Data provided:

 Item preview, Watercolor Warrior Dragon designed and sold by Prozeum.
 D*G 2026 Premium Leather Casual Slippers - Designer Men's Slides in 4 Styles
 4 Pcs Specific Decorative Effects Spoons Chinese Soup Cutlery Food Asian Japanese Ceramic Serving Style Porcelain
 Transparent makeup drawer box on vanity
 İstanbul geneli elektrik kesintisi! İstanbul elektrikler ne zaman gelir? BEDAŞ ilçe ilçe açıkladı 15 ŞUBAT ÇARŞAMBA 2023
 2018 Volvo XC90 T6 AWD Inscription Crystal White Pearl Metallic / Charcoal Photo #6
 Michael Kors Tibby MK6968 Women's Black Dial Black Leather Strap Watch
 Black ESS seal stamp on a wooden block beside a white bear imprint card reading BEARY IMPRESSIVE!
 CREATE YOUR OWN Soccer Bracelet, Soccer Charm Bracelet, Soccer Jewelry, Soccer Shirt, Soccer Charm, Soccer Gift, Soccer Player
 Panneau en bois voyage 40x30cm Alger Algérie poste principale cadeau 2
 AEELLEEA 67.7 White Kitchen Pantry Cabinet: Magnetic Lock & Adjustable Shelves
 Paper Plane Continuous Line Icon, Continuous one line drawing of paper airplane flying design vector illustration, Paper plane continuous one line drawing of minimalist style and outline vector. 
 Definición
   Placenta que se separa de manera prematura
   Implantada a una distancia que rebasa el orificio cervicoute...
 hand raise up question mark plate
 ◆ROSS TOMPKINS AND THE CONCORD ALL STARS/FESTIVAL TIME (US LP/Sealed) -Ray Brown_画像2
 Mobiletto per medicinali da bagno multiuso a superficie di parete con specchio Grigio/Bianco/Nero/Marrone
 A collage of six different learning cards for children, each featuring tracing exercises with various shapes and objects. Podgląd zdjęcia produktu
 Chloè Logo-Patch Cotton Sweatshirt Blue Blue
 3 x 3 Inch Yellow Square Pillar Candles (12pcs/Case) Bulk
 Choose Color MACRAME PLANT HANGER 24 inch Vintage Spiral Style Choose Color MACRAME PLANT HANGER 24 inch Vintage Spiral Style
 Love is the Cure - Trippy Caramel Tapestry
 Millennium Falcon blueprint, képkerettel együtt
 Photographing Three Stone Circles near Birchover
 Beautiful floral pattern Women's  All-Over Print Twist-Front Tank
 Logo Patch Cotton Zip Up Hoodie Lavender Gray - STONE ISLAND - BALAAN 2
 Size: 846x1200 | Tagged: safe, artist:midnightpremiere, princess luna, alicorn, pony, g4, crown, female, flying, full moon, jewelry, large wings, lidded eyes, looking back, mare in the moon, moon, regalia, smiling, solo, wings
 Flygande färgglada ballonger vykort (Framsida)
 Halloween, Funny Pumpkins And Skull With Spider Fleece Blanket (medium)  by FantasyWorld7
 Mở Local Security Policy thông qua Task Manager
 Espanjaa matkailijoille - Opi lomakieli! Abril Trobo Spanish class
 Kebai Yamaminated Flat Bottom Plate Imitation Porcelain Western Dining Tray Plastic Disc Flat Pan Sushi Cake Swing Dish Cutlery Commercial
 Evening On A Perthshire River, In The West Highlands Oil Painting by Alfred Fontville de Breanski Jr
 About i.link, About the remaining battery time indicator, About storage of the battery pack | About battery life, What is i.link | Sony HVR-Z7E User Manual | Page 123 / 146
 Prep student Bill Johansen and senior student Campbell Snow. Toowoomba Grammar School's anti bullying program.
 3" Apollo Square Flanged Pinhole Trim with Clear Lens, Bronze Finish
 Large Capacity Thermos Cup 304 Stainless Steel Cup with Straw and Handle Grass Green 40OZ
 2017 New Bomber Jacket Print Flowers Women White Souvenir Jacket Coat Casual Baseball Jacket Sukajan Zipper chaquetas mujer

What the exercise asks: Down to the final line, write out all of the material exactly.

Solution to the exercise:
 Item preview, Watercolor Warrior Dragon designed and sold by Prozeum.
 D*G 2026 Premium Leather Casual Slippers - Designer Men's Slides in 4 Styles
 4 Pcs Specific Decorative Effects Spoons Chinese Soup Cutlery Food Asian Japanese Ceramic Serving Style Porcelain
 Transparent makeup drawer box on vanity
 İstanbul geneli elektrik kesintisi! İstanbul elektrikler ne zaman gelir? BEDAŞ ilçe ilçe açıkladı 15 ŞUBAT ÇARŞAMBA 2023
 2018 Volvo XC90 T6 AWD Inscription Crystal White Pearl Metallic / Charcoal Photo #6
 Michael Kors Tibby MK6968 Women's Black Dial Black Leather Strap Watch
 Black ESS seal stamp on a wooden block beside a white bear imprint card reading BEARY IMPRESSIVE!
 CREATE YOUR OWN Soccer Bracelet, Soccer Charm Bracelet, Soccer Jewelry, Soccer Shirt, Soccer Charm, Soccer Gift, Soccer Player
 Panneau en bois voyage 40x30cm Alger Algérie poste principale cadeau 2
 AEELLEEA 67.7 White Kitchen Pantry Cabinet: Magnetic Lock & Adjustable Shelves
 Paper Plane Continuous Line Icon, Continuous one line drawing of paper airplane flying design vector illustration, Paper plane continuous one line drawing of minimalist style and outline vector. 
 Definición
   Placenta que se separa de manera prematura
   Implantada a una distancia que rebasa el orificio cervicoute...
 hand raise up question mark plate
 ◆ROSS TOMPKINS AND THE CONCORD ALL STARS/FESTIVAL TIME (US LP/Sealed) -Ray Brown_画像2
 Mobiletto per medicinali da bagno multiuso a superficie di parete con specchio Grigio/Bianco/Nero/Marrone
 A collage of six different learning cards for children, each featuring tracing exercises with various shapes and objects. Podgląd zdjęcia produktu
 Chloè Logo-Patch Cotton Sweatshirt Blue Blue
 3 x 3 Inch Yellow Square Pillar Candles (12pcs/Case) Bulk
 Choose Color MACRAME PLANT HANGER 24 inch Vintage Spiral Style Choose Color MACRAME PLANT HANGER 24 inch Vintage Spiral Style
 Love is the Cure - Trippy Caramel Tapestry
 Millennium Falcon blueprint, képkerettel együtt
 Photographing Three Stone Circles near Birchover
 Beautiful floral pattern Women's  All-Over Print Twist-Front Tank
 Logo Patch Cotton Zip Up Hoodie Lavender Gray - STONE ISLAND - BALAAN 2
 Size: 846x1200 | Tagged: safe, artist:midnightpremiere, princess luna, alicorn, pony, g4, crown, female, flying, full moon, jewelry, large wings, lidded eyes, looking back, mare in the moon, moon, regalia, smiling, solo, wings
 Flygande färgglada ballonger vykort (Framsida)
 Halloween, Funny Pumpkins And Skull With Spider Fleece Blanket (medium)  by FantasyWorld7
 Mở Local Security Policy thông qua Task Manager
 Espanjaa matkailijoille - Opi lomakieli! Abril Trobo Spanish class
 Kebai Yamaminated Flat Bottom Plate Imitation Porcelain Western Dining Tray Plastic Disc Flat Pan Sushi Cake Swing Dish Cutlery Commercial
 Evening On A Perthshire River, In The West Highlands Oil Painting by Alfred Fontville de Breanski Jr
 About i.link, About the remaining battery time indicator, About storage of the battery pack | About battery life, What is i.link | Sony HVR-Z7E User Manual | Page 123 / 146
 Prep student Bill Johansen and senior student Campbell Snow. Toowoomba Grammar School's anti bullying program.
 3" Apollo Square Flanged Pinhole Trim with Clear Lens, Bronze Finish
 Large Capacity Thermos Cup 304 Stainless Steel Cup with Straw and Handle Grass Green 40OZ
 2017 New Bomber Jacket Print Flowers Women White Souvenir Jacket Coat Casual Baseball Jacket Sukajan Zipper chaquetas mujer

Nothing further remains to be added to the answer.